Records:
==============================

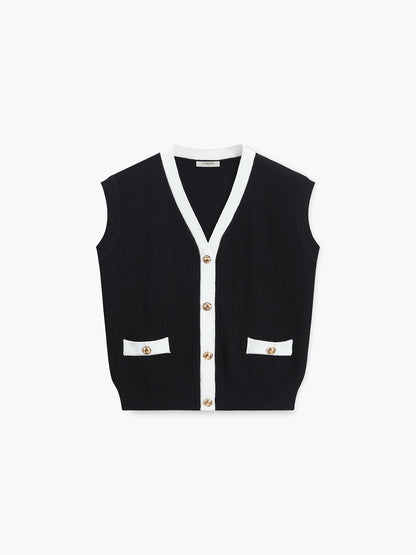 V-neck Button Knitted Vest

==============================

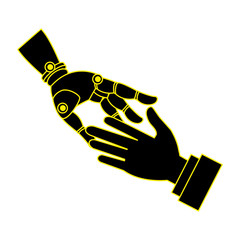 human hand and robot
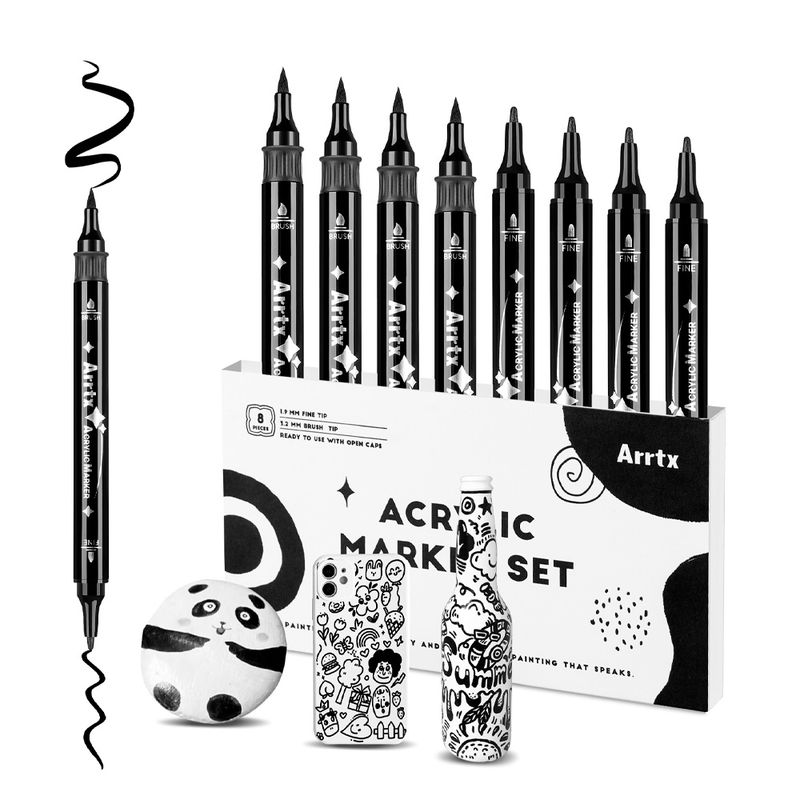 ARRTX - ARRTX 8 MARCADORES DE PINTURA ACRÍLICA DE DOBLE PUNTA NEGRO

==============================

What is expected: In the listing above, find the line containing "human hand and robot" and the line containing "ARRTX - ARRTX". Print those two lines and every line between them exactly, with no pictures.

Solution:
 human hand and robot
 ARRTX - ARRTX 8 MARCADORES DE PINTURA ACRÍLICA DE DOBLE PUNTA NEGRO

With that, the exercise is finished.